White Dog Fell from the Sky
- First edition US hardcover
- Author: Eleanor Morse
- Language: English
- Genre: Fiction
- Publisher: Viking Adult
- Publication date: January 3, 2013
- Media type: Print and e-book
- Pages: 368 pages
- ISBN: 0670026409

= White Dog Fell from the Sky =

2013 novel by Eleanor Morse

White Dog Fell from the Sky is a 2013 novel by Eleanor Morse. The book was published on January 3, 2013 through Viking Adult and is set in 1970s Botswana and apartheid South Africa.

==Synopsis==
Isaac Muthethe, a black medical student in South Africa in 1976, is forced to flee to Botswana after a friend is murdered by members of the South African Defense Force. Leaving behind his family and future, he is smuggled across the border and finds himself accompanied by a stray white dog that refuses to leave him. In Gaborone, Isaac reconnects with an old acquaintance, Amen, who is involved in the ANC resistance. Isaac wants no part of it, but needs a place to stay. While staying with Amen’s family, Isaac takes work as a gardener for Alice Mendelssohn, an American whose marriage is failing.

When Alice departs on a work trip into the bush, she leaves Isaac in charge of her home. On her return, she discovers White Dog gravely injured and Isaac missing. Her search for answers leads her toward the realities of apartheid South Africa. Meanwhile, during her travels Alice meets Ian Henry, an English anthropologist who prefers life in the bush to the city, and is a man deeply connected to the culture and plight of the !Kung San people.

As both Isaac and Alice deal with different kinds of loss and pain, their stories highlight the horrors of the apartheid regime, the major problems facing post-colonial Africa, and also the more hopeful strength of human connections.

==Development==
Initial development for the character of Alice began over twelve years before publication, when Morse created her as a character for a different book that was never completed. She developed the character of Isaac later, while teaching a fiction writing class. Morse also stated that she drew upon her own experiences of Botswana in the story.

==Reception==
Critical reception for White Dog Fell from the Sky has been mostly positive, with Oprah.com listing it as one of their 16 Must-Read Books for January 2013. Kirkus Reviews praises for the novel for its vivid depictions of Botswana and for Morse's writing, but critiqued the "idealization of Isaac and all the black Africans as noble victims" because it "does them a disservice by making them two-dimensional in contrast to the three-dimensional whites".

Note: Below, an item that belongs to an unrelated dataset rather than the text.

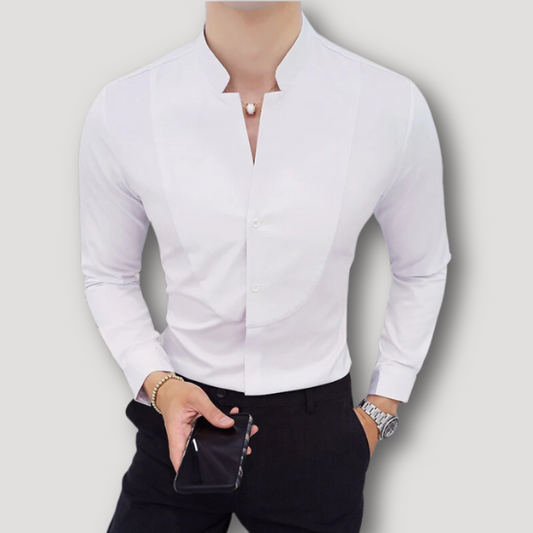 Business Slim Fit Mandarin Kraag Lange Mouw Shirt Mannen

Publishers Weekly called the book "both brutal and beautiful", stating that Morse's "unflinching portrayals of extremes of loyalty and cruelty make for an especially memorable novel", and noting that Botswana, South Africa, and the White Dog are "characters as important and well-drawn as Alice and Isaac". The Library Journal review asserts: "Morse writes heartbreakingly of isolation, loss, and the soul-deadening effect of torture. Her mesmerizing descriptions of Africa will leave readers wondering how a continent of such beauty can harbor so much evil. Like Vaddey Ratner's In the Shadow of the Banyan or Chris Bohjalian's The Sandcastle Girls, this is for readers unafraid to plumb the depths of human emotion."

Reviewer Sara Vilkomerson, in her Entertainment Weekly review, gave the book the grade of B+ and wrote, "Morse's writing is lyrical and quite beautiful, with searing descriptions of the dusty earth, unforgiving sun, and stark skies. The inner workings of her main characters' minds may remain a mystery, but that doesn't stop you from getting attached to their respective heartaches and plights and rooting for their happiness."